I studied art direction and graphic design at Red and Yellow School of advertising. Currently, I work as a designer for a company called Mama Money. I also design book covers and do layout on a freelance basis. Besides this I’m also an embroiderer and a VJ (video jockey) for various artists and events. 

How do you manage your time between all these fields of work and interests?

I think I say “yes” too easily. Then from a fear of disappointing people I’m forced to figure out how to make it all work. I’m fortunate that all the people I work with are accommodating and kind. I think I’ve been good at choosing the right people and projects to work with.


How did you get into embroidery?

It started while I was studying. I made plush toys for extra money so I always had the thread and felt around. I started “drawing” on scrap piece of felt with thread and really enjoyed it.
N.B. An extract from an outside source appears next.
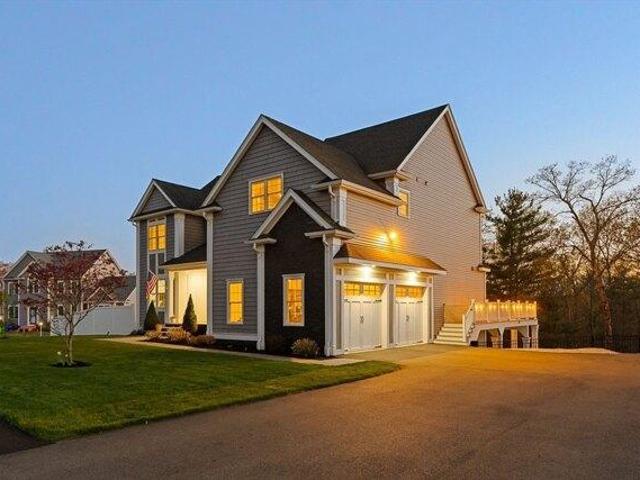 House for sale in Milford, Massachusetts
I kept doing these “thread sketches” – which lead to embroidering them.

How was the idea of embroidery in rackets born?

A friend showed me simple hearts woven into a racket and I took it as a challenge. It started with flowers because I figured it would be the easiest thing to experiment with. I became hooked on the colour and depth possibilities I could achieve with these flowers and took it from there.


Is Embroidery time-consuming? How long would you say an average flower racket piece takes?

It's really time-consuming. It varies depending on the detail. It’s hard to quantify because I always travel with a backpack full of threads and I sew when and where I can. It is not a like a 9-5.

Are there specific materials or thread you choose over others?

I don’t discriminate when it comes to threads. I used wool, tapestry and embroidery floss. I’ve learned a lot through trial and error.

Where do you source the vintage tennis rackets to embroid?

All over. I most recently bought a bunch from Napier and Humansdorp. 


What are some the biggest pitfalls you have encountered with embroidery?

The hardest thing is the disappointment of a piece that you’ve spent hours on and it just doesn’t work. Deciding whether to toss it or keep going can be so disheartening. 

Your embroidery pieces vary from flowers to celebrities. How do you decide on a subject?

It’s just a mood. I start with an idea of an image or a colour I want to explore and then take it from there.

Are there any pieces you favour in particular?

My favourite is usually the last one I’ve completed. At the moment, it’s the little fox and the Louis Theroux portrait. 

Would like to embroid full time and quit your graphic design job?

I still design because it’s important for me to do a variety of things to stay stimulated.  

Can you give us a brief explanation on what being a video jockey entails?

It’s a mash up of videos I play live as a backdrop to music for artists and festivals. It’s a free creative expression. The show that I do with Haezer is more curated though and Jean De Wet makes all the visuals.

Aloe racket by Danielle Clough

You are also a keen photographer. Is this only a hobby or do you shoot commercially?

I used to shoot semi-commercially, but I moved away from it a few years ago. Now I just shoot my work digitally and shoot film as a hobby. I find the process of shooting film really rewarding. The idea of capturing an image, and only experiencing later, with fresh eyes, is so fulfilling.   

Do you have any advice, which you know now that you wish you knew when you started your creative career?

Admin. It always catches up with you.